Nikon has focused on DX lenses and really left us FX users with few contemporary options in the way of wide and wide-to-tele zooms, other than super-expensive f/2.8 lenses.
A 16-35 f/4 is sorely needed, as is a 24-105 f/4. I have the 24-70 f/2.8, but I recently realized that I have no backup if that lens goes down. I looked for something that could cover 24-35, and there is nothing modern. I have the 35 f/2 but its performance underwhelms me. I had the 20 and 24 primes, and they were really disappointing. I have an old 28 f/2 AI that performs much better, but it is not going to do me much good at a wedding.
So what do we get? An 85 DX micro and another FX body for which there are only two viable W/A choices.
I am in some disagreement.
All Nikon lenses are excellent (as in 80% at 30 lpm into the frame corners) at f8-11 at or near infinity.
That is good enough for a sharp detailed 16 inch wide print from 12 MP - a point Thom Hogan forcefully makes.
I am not arguing 24mm corner quality falls apart at close focus distances - because it does.
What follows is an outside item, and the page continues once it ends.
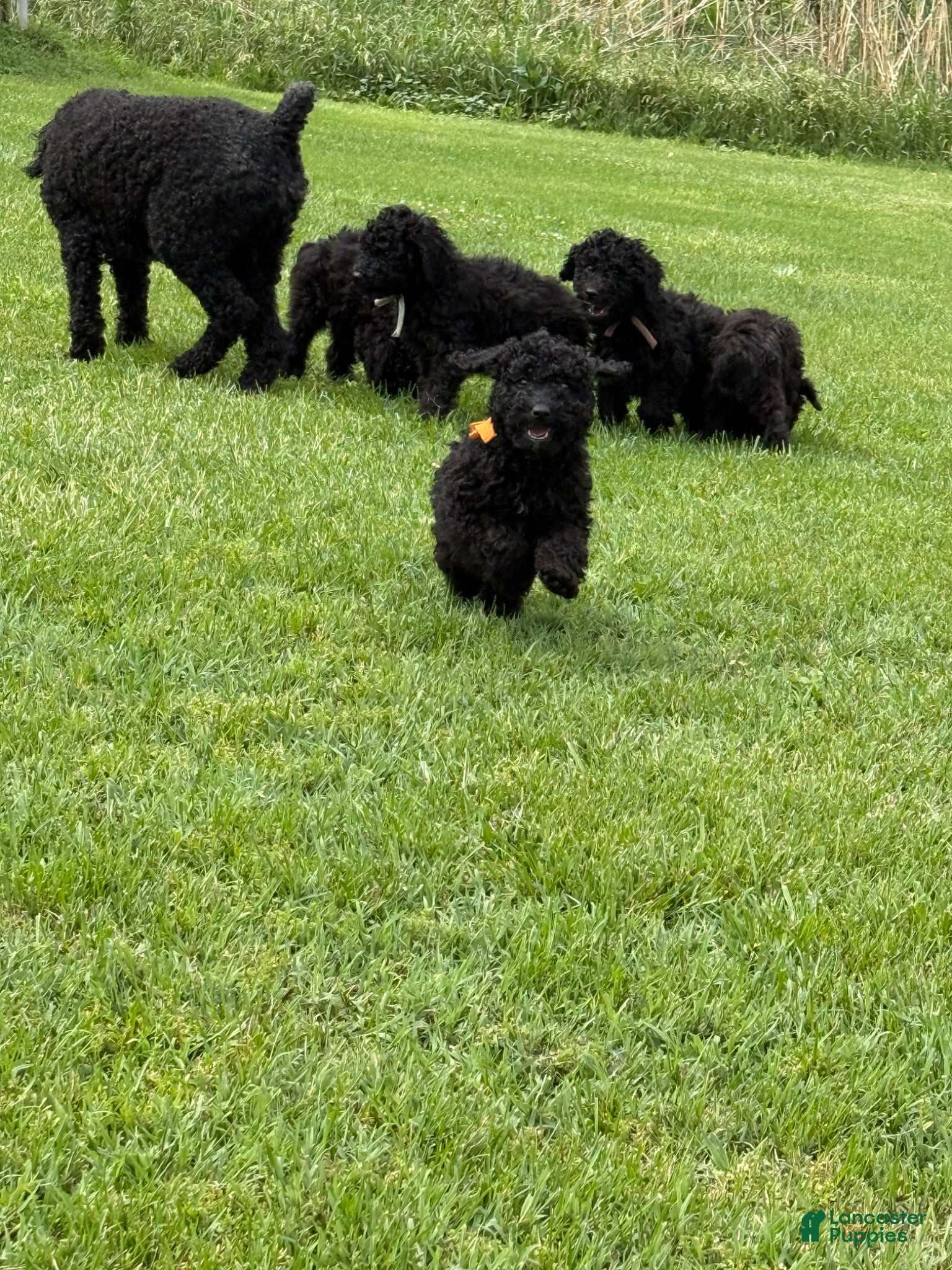 Standard Poodle dogs Orange girl - Ad 1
I am not saying at it's widest aperture (for the focal length) it is as good a a faster prime or zoom at the same aperture - because it is not.
Let us not forget it shook the photographic world when introduced as prior to this nobody thought a 5x zoom as wide as 24mm with this optical quality was possible.
At landscape distances and apertures (f11 or thereabouts) as Thom Hogan puts it (of lenses in general) if you cannot get sharp detailed A3+ prints perhaps you should be looking at something other than your equipment.
If you want sharper 24mm corner detail from a zoom at minimum focus - then you have to spend more money.
I wanted to like the 24-120 but it just did not hold up on the D700. Then I paid less for the 24-85 2.8-4.0 and it was the best glass for the price on it. I only sold it because I sold the D700. Very sharp, smaller, and a ridiculously close focus range.